### GIVEN RECORDS:
* * *

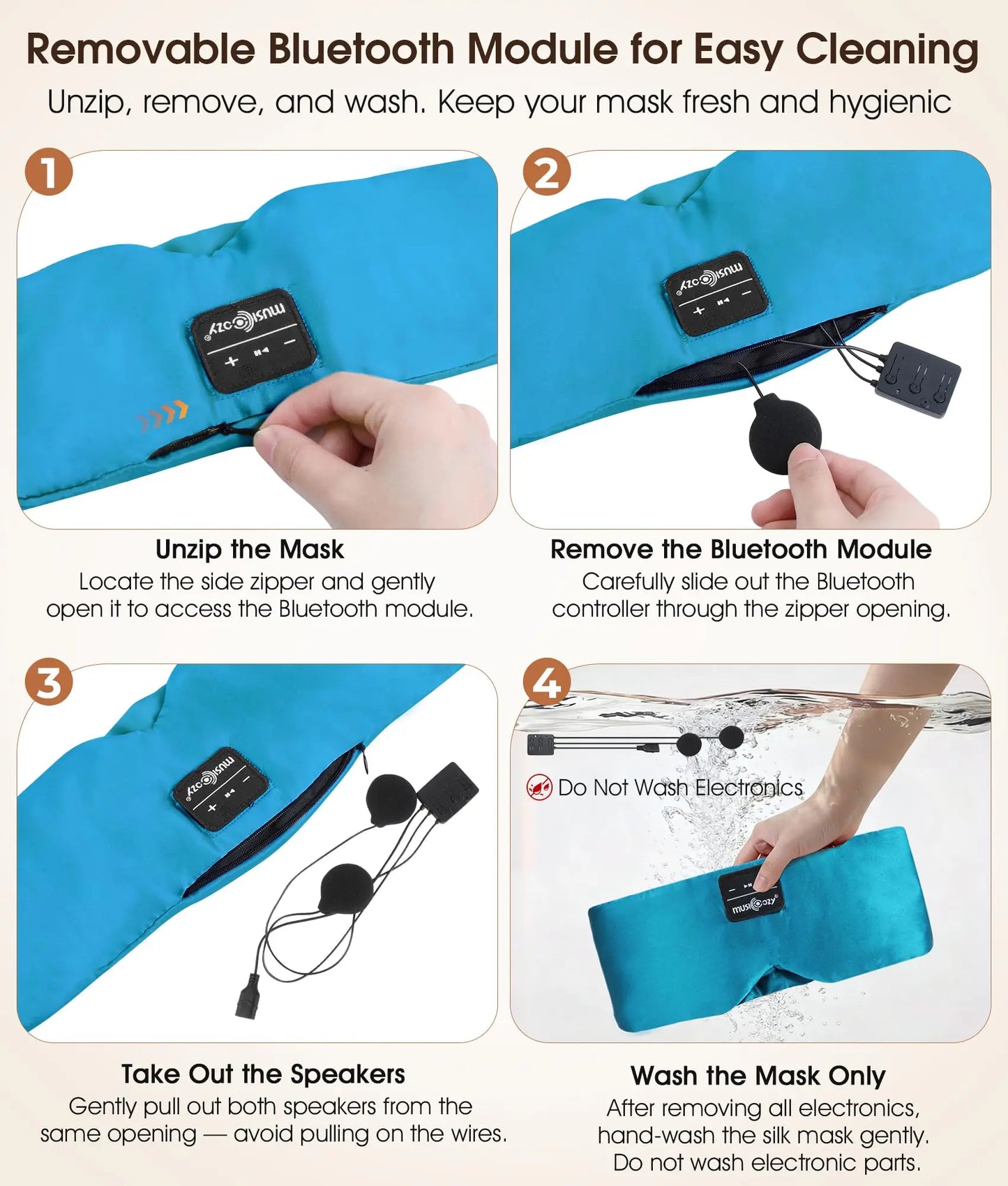 MUSICOZY Side Sleeper’S Dream: Silk Bluetooth 5.4 Sleep Mask & Headphones, Sleep Mask，Total Blackout, Perfect for Travel & Restful Sleep,Summerwins,Dealsforyoudays,Father'S Day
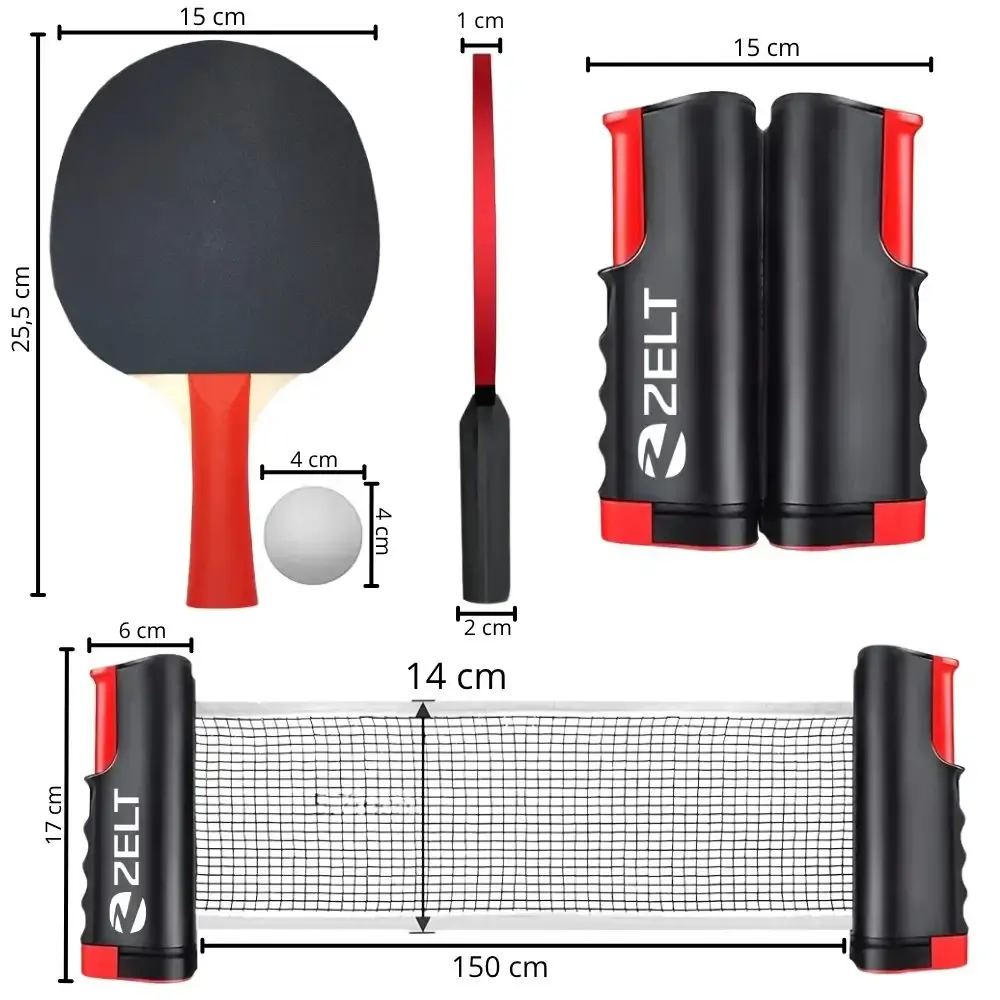 Mesa Dobrável em Alumínio Vira Maleta Camping 120cm x 60cm com Kit Ping Pong ZELT — fotografia 4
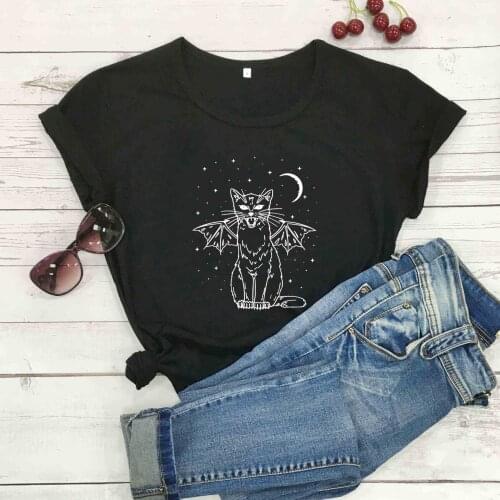 Vampire Bat Cat Goth T-Shirt grunge tumblr unisex Halloween street style vintage party gift holiday horror tees funny tops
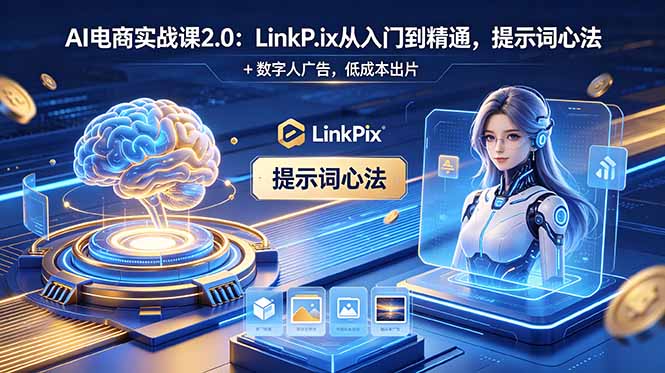 （18655期）AI 电商实战课2.0｜LinkPix 从入门到精通，提示词心法 + 数字人广告，低成本出片-小二项目网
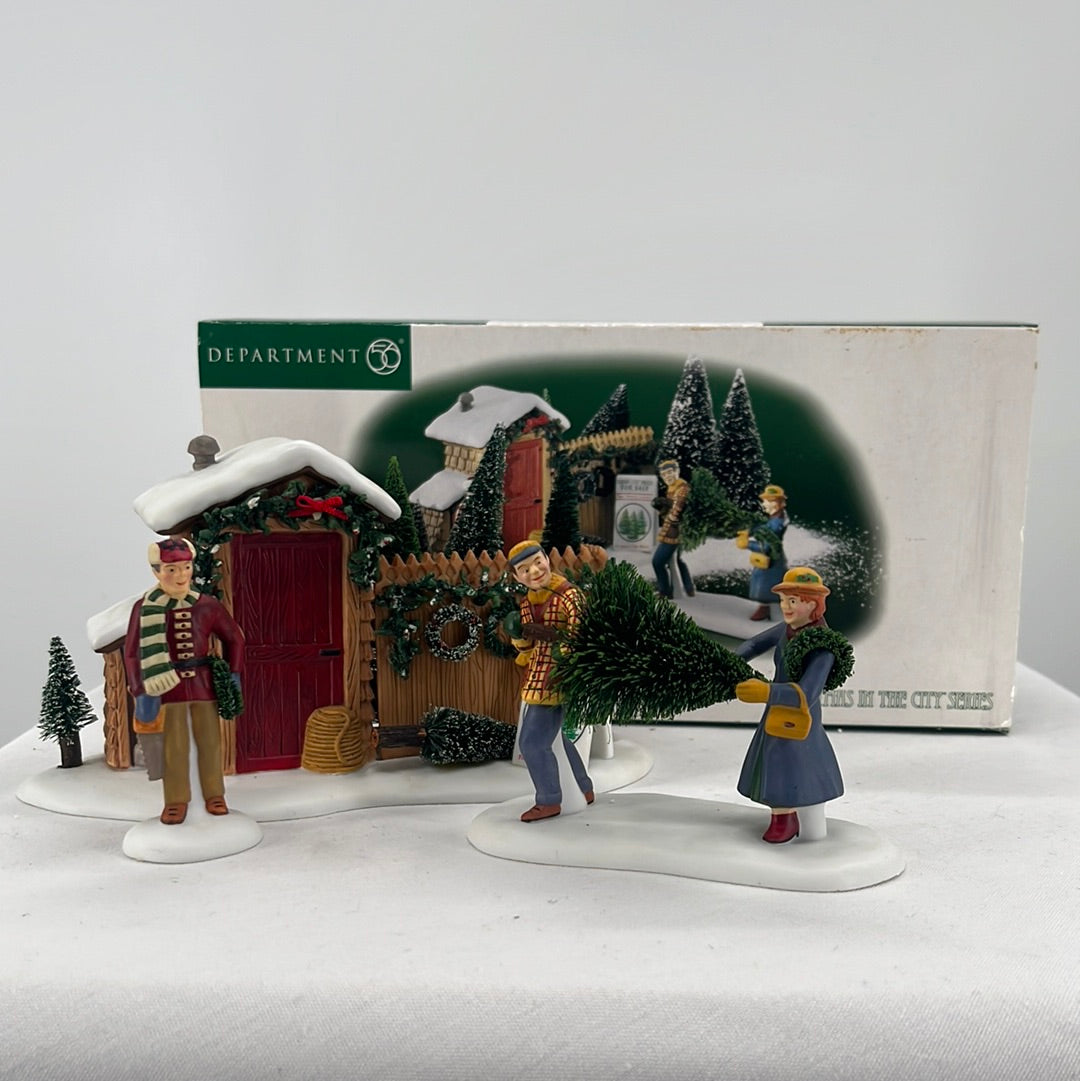 Department 56 Christmas in the City Picking Out the Christmas Tree (set of 3), front view.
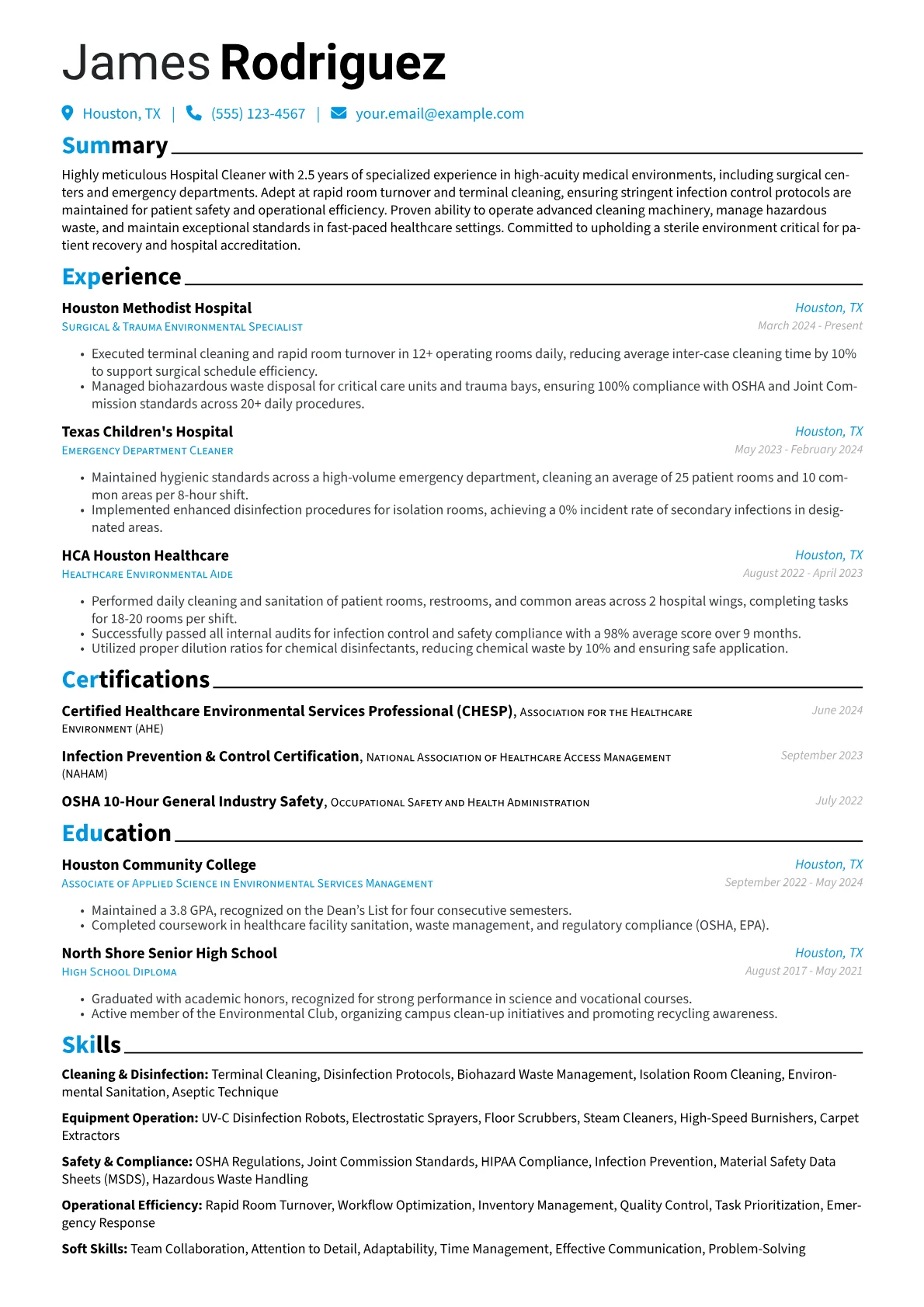Hospital Cleaner resume example, Specialized Trauma, page 1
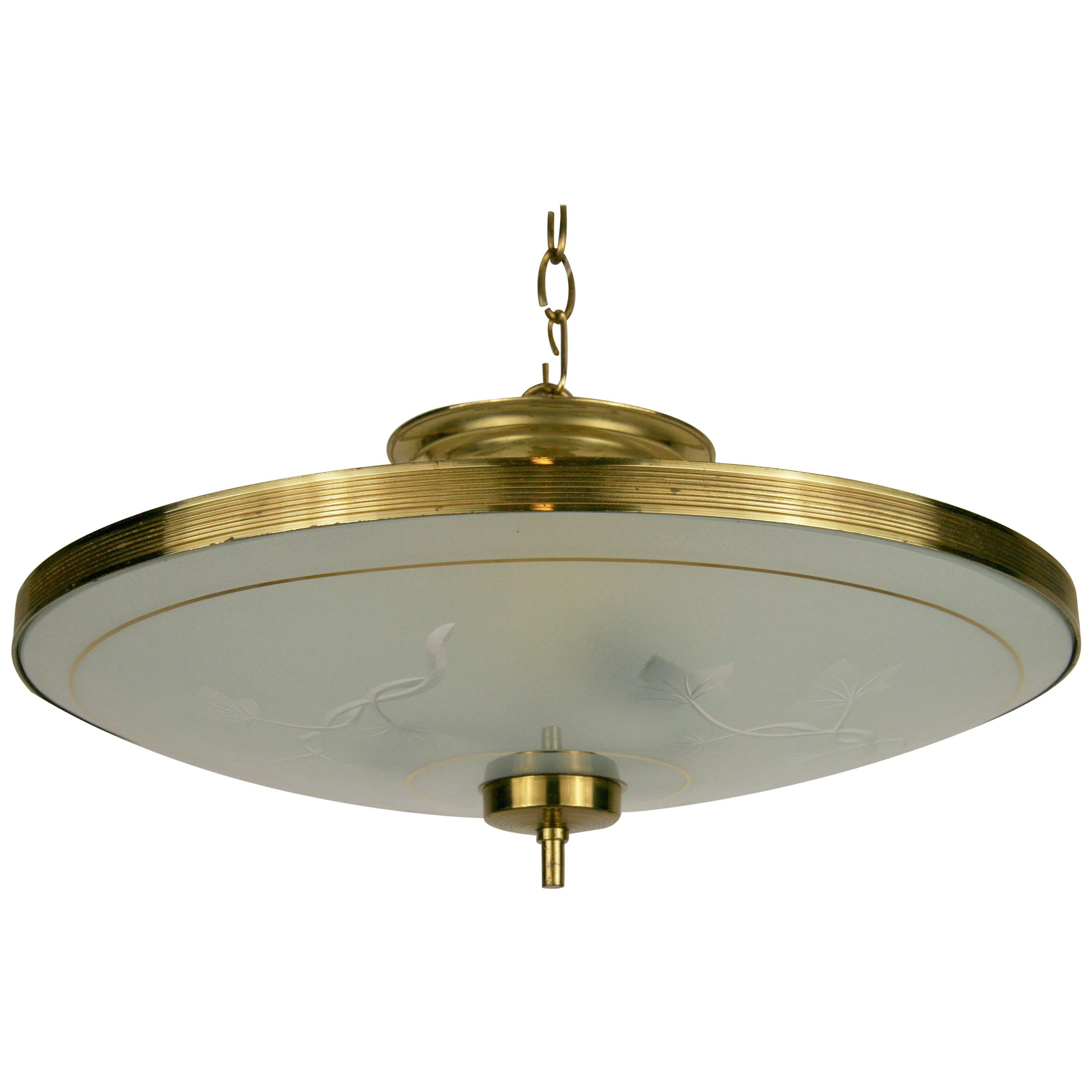 Italian Mid Century Etched glass and Brass Semi Flush Mount/Pendant For Sale
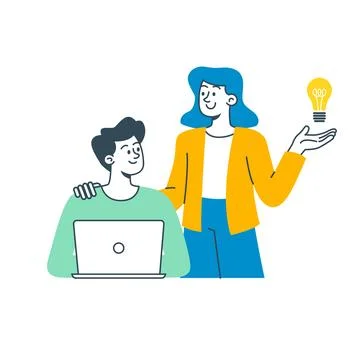 Flat vector illustration of two colleagues working at a laptop. A woman hol.. Stock-Illustration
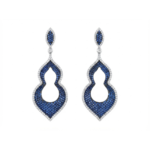 Dublin Silver 925 Sterling Silver Blue Gemstone Dangle Earrings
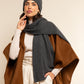 Napoli (dark grey) - Italian 100% cashmere ribbed scarf (unisex)
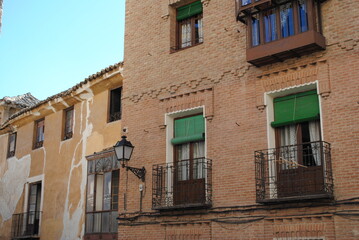 Fassade dans les rues de Tolède, Espagne, Europe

* * *

### PROMPT:
In the data above, the stretch from the line with "从入门到精通，提示词心法 + 数字人广告，低成本出片-小二项目网" through the line with "Dublin Silver 925" is to be returned exactly, minus any pictures.

### YOUR SOLUTION:
 （18655期）AI 电商实战课2.0｜LinkPix 从入门到精通，提示词心法 + 数字人广告，低成本出片-小二项目网
 Department 56 Christmas in the City Picking Out the Christmas Tree (set of 3), front view.
Hospital Cleaner resume example, Specialized Trauma, page 1
 Italian Mid Century Etched glass and Brass Semi Flush Mount/Pendant For Sale
 Flat vector illustration of two colleagues working at a laptop. A woman hol.. Stock-Illustration
 Dublin Silver 925 Sterling Silver Blue Gemstone Dangle Earrings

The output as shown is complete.